EXERCISE DETAILS
Set down every line of the data exactly, skipping the pictures.

SOURCE DATA
BEGIN

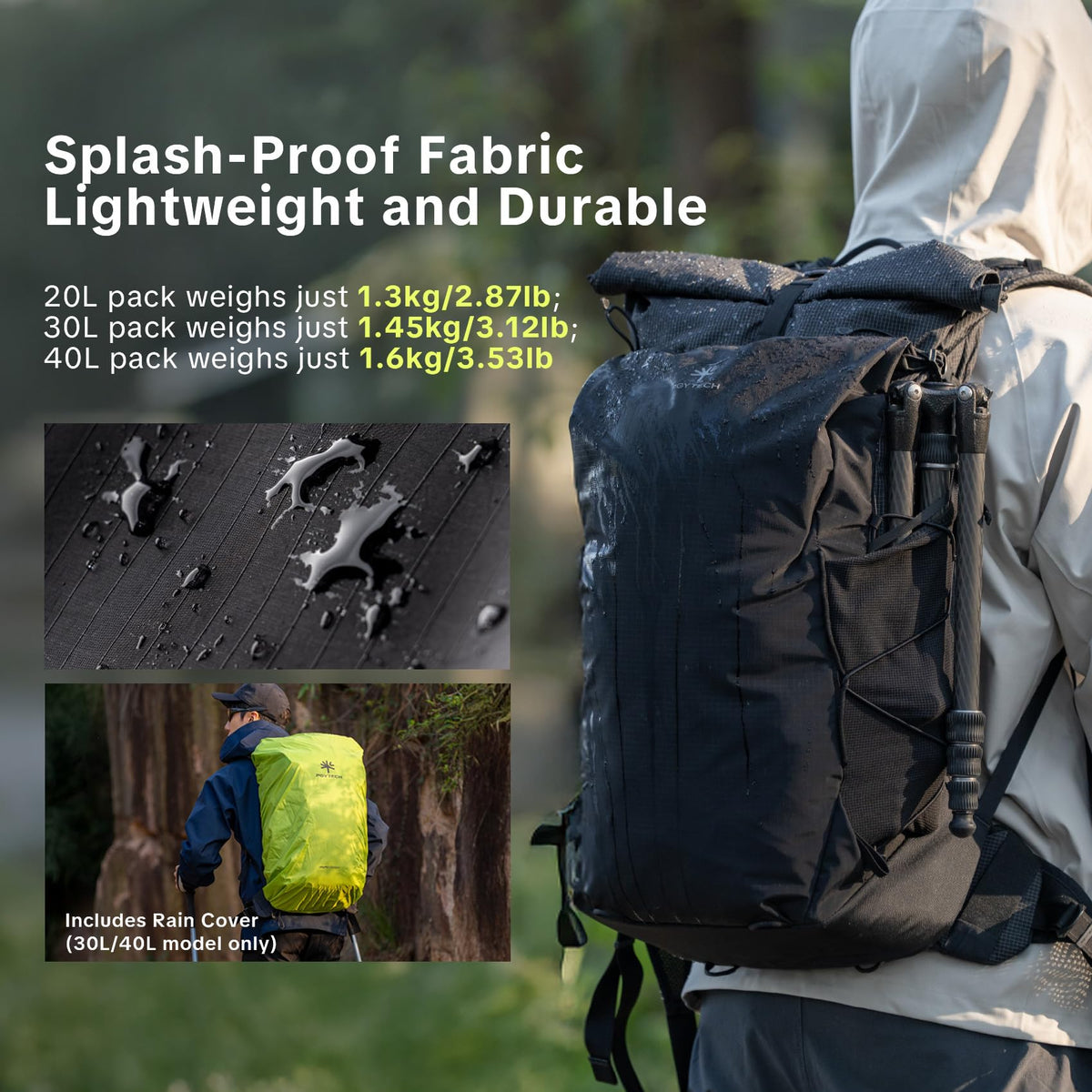 PGYTECH OnePro 20L Ultralight Waterproof Camera Backpack, Black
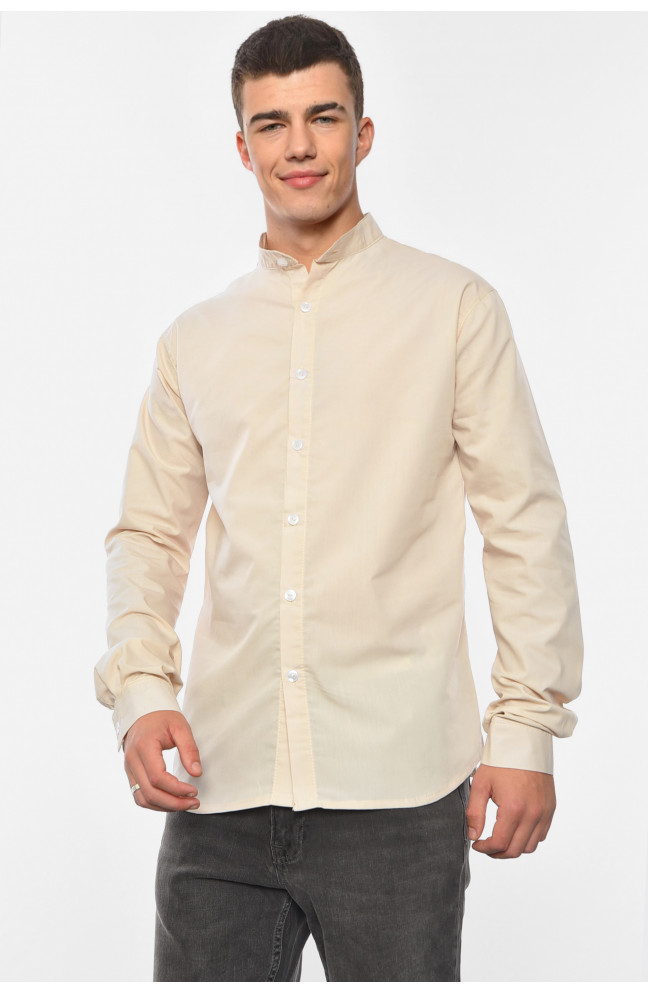 Рубашка мужская однотонная бежевого цвета 191629L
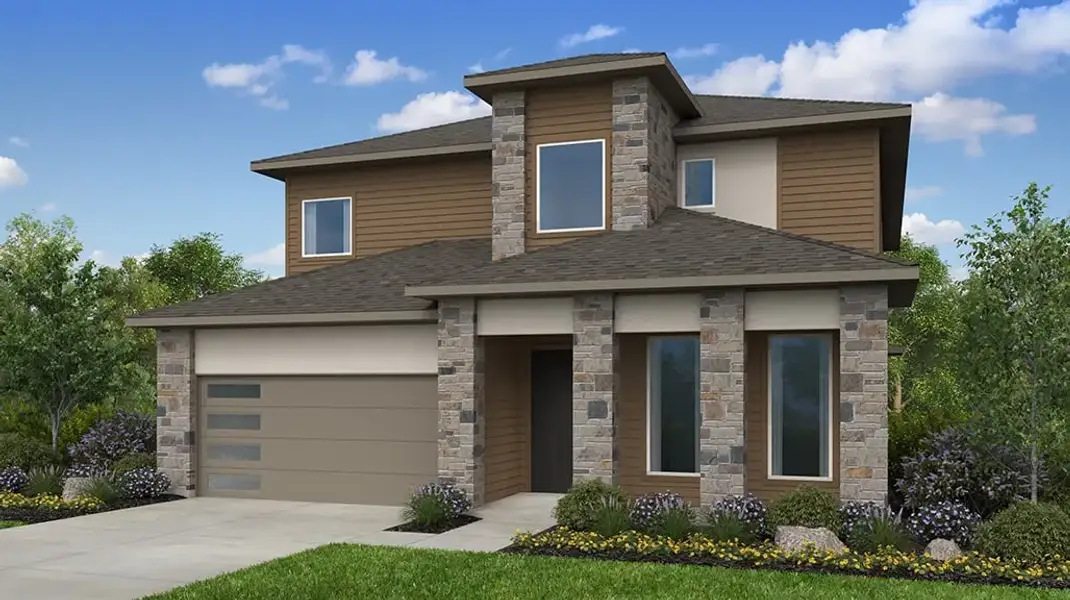 Representative exterior photo of a completed home built from the Piedmont by Taylor Morrison in Eastwood, Manor, TX (Image 23).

END

RESPONSE AREA
 PGYTECH OnePro 20L Ultralight Waterproof Camera Backpack, Black
 Рубашка мужская однотонная бежевого цвета 191629L
 Representative exterior photo of a completed home built from the Piedmont by Taylor Morrison in Eastwood, Manor, TX (Image 23).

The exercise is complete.